In Vancouver, the city council has adopted a policy to unlock the height limit for new buildings on specific sites in the downtown core.

In London, the City of London’s planning authority has adopted a policy to significantly increase the number of skyscrapers and high-rise residential towers in the British capital’s financial district. This decision came in response to a shortage of office space and serious land scarcity in the “Square Mile”.  The so-called “clusters of towers” are intended to consolidate the City’s position as London’s primary business and financial area. They are also expected to significantly transform London’s skyline in years to come.

The dilemma

Despite increasingly good market conditions for taller buildings, there is still much reluctance in embracing them.

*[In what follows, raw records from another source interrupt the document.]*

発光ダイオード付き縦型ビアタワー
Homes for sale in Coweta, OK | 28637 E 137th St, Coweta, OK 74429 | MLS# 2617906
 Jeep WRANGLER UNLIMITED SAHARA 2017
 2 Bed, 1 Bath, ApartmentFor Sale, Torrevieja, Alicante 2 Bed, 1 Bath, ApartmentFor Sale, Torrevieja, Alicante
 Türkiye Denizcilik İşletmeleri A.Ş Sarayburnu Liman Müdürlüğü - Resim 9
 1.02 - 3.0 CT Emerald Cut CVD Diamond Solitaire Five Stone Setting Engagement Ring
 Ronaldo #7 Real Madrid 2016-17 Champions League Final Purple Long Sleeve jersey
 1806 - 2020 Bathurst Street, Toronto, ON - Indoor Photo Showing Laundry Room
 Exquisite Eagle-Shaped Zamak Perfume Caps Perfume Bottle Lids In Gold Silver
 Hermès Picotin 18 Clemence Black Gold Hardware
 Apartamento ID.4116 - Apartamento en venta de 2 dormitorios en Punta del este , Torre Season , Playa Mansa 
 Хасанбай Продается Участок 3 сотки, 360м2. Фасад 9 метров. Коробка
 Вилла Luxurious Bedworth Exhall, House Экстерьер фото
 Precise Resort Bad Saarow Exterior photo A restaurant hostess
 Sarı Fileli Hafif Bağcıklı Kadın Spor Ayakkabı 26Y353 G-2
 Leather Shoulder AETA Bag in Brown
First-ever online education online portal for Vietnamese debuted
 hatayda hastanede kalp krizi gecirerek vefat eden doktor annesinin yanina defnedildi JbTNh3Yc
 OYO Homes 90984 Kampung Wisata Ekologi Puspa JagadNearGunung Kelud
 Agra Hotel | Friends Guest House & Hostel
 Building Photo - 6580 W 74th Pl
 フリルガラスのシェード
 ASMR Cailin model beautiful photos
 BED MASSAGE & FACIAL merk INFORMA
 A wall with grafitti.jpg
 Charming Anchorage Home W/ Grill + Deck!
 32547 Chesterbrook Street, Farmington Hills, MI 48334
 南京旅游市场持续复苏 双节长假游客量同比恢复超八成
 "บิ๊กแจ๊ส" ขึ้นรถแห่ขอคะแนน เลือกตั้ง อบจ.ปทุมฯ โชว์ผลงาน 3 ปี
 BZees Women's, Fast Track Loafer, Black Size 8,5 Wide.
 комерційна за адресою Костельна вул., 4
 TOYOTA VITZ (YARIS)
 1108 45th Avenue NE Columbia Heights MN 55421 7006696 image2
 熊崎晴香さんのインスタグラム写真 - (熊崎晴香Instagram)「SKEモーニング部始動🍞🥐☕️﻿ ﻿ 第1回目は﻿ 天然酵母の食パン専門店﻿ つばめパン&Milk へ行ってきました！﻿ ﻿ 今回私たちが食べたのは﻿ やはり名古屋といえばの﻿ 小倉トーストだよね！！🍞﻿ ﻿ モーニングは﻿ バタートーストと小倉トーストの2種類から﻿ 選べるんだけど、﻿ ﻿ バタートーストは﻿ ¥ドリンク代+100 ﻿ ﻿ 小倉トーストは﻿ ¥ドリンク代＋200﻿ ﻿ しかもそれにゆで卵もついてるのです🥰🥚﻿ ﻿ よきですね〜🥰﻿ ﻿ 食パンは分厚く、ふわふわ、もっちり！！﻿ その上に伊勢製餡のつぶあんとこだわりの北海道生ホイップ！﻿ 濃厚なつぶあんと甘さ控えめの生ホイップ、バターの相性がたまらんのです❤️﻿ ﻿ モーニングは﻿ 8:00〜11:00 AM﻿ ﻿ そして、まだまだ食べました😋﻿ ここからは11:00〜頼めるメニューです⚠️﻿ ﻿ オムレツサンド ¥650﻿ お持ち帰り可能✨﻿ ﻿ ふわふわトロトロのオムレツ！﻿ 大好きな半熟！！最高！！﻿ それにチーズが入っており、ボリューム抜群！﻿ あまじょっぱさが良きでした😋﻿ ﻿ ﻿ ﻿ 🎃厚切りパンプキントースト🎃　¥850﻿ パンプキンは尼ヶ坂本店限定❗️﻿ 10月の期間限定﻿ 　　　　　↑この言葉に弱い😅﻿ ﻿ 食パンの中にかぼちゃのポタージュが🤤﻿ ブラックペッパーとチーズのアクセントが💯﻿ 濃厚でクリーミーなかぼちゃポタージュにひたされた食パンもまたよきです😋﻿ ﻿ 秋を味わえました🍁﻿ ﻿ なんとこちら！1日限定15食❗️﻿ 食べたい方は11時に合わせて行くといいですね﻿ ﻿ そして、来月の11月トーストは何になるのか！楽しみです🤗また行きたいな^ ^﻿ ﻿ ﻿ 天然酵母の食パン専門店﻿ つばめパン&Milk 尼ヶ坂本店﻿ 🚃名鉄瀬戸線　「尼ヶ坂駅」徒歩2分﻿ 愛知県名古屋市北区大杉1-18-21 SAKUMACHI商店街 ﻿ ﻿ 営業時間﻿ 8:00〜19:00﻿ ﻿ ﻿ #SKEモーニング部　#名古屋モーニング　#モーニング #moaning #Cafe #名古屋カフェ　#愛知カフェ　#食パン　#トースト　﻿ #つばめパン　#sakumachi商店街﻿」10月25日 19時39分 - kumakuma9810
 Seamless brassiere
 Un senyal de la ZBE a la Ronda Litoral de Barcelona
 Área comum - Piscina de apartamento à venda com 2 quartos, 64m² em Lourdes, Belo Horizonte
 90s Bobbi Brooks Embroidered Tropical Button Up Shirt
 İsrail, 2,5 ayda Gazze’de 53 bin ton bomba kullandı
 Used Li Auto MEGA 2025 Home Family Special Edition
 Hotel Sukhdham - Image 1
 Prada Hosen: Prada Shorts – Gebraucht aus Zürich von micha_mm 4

In many cities, high-rise residential towers still have a bad reputation because they are associated with housing tower blocks built in the 50s and 60s where poverty, exclusion and crime are king. There is concern that after a certain number of years, newly built high-rise towers may fall in the same pattern as those built sixty years ago: degradation and decay.

Also, residents voice concerns about issues associated with historic preservation, local character and environmental protection. In post-industrial neighbourhoods of Montreal and London for instance, tall buildings face little social acceptability as residents highly value the fine grain and organic nature of their urban fabric. Furthermore, many projects are being criticized and even stopped because they fail to address the issues of heritage, environmental and view corridors preservation, not to mention the significant impacts of increasing density on local infrastructures and land values.

So if there is so much resistance to tall buildings, why should we still want to build them in our cities? Because building taller should also mean building smarter, by using a more sophisticated approach to tall buildings. In effect, contemporary tall buildings have the potential to making great communities through good urban design and planning principles.  
The Vancouver model is particularly interesting in this respect. Tall buildings in the city center of Canada’s third largest city are built in a way to integrate very nicely into the city’s urban fabric, in addition to contributing positively to liveability and streetscape definition.


The so-called “Vancouverism” approach consists of 20-30-storey mixed-use buildings where a setback tower sits behind a 3-4 story podium which faces the street.  Furthermore, Vancouver-style towers are carefully designed through a public consultation and negotiation process with the community. Also, Vancouver has limited the height of buildings to about 40 stories to protect its exceptional mountain view. As a result, Vancouver has inherited of one of the most spectacular skylines and urban environments in the world.

In conclusion, the stakes are high for cities with plans to go taller. They face being transformed forever, for better or for worse, depending on the direction they choose to go in.  The transformation has the potential to be very positive, but only if tall buildings are planned carefully and based on the very features of their local context. As we have seen for Vancouver, tall buildings not only will make cities taller, they also offer an opportunity to make them better places to live in.